Sts. Adrian and James
On July 9, 1572, the Calvinists hanged 19 priests and religious in Gorcum on account of their loyalty to the Catholic faith. Among these were two sons of St. Norbert, Adrian and James.
Adrian Jansen (sometimes called Becan after his place of birth) was born at Hilvarenbeek in 1529 and entered the abbey of Middelburg at the age of 15. After a stint as master of novices and chaplain, he was appointed pastor of Agterkerke in 1560 and of Munster in 1572. Adrian was an exemplary priest and a true apostle, laboring in a parish which already counted several Calvinists among its population.

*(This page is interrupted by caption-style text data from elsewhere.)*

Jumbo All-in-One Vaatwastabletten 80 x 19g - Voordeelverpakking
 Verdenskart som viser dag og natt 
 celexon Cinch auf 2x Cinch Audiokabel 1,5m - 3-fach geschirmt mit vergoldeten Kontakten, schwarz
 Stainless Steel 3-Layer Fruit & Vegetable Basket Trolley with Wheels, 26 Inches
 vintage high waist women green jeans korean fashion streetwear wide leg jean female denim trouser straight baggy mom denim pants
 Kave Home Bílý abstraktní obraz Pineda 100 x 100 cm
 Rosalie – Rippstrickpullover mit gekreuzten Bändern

James Lacops, also a canon of Middelburg, was born at Oudenaarde in 1542. He was an intelligent and charming young man whose success went to his head. His religious life was mediocre. When the iconoclastic Calvinists infiltrated the abbey in 1566, the 24-year-old James renounced his faith together with two others. His father and his brother, who also was a Norbertine, eventually brought him to reconsider. Touched by the grace of God, he returned to the abbey and was kindly received by the community when he asked forgiveness for his apostasy. Among other things, he had gone so far as to write a pamphlet attacking the Church and had become a preacher of the Calvinist beliefs. His abbot sent him to the abbey of Mariëweerd for a prolonged period of penance. At the end of five years, the abbot appointed him curate in Munster where his brother was currently pastor. After the death of his brother in 1572, Adrian Jansen was appointed pastor.
Adrian had only been there three months when revolutionary soldiers attacked the rectory and captured both priests in July 1572. Together with 17 other priests and religious, they were marched through the streets while beaten and insulted, accompanied by a screaming mob. Along the way the soldiers offered local fishermen to set the priests free in exchange for a cask of beer, an offer which the highly Calvinistic locals refused. The 19 priests and religious were thrown into prison and subjected to a trial during which they defended the doctrine of the Eucharist and the authority of the Successor of Peter. Although Adrian was more experienced in refuting the arguments of the heretics, it was now James, with his gift for speaking, who took the lead in arguing with their captors. They were mistreated, tortured, and denied food. On July 9, 1572, both Adrian and James, together with the other 17 priests and religious, were hanged from the rafters of a barn at Gorcum and received the crown of martyrdom. Adrian was 43 and James 30. They were beatified by Pope Clement X on November 24, 1675, and canonized by Blessed Pius IX on June 29, 1867.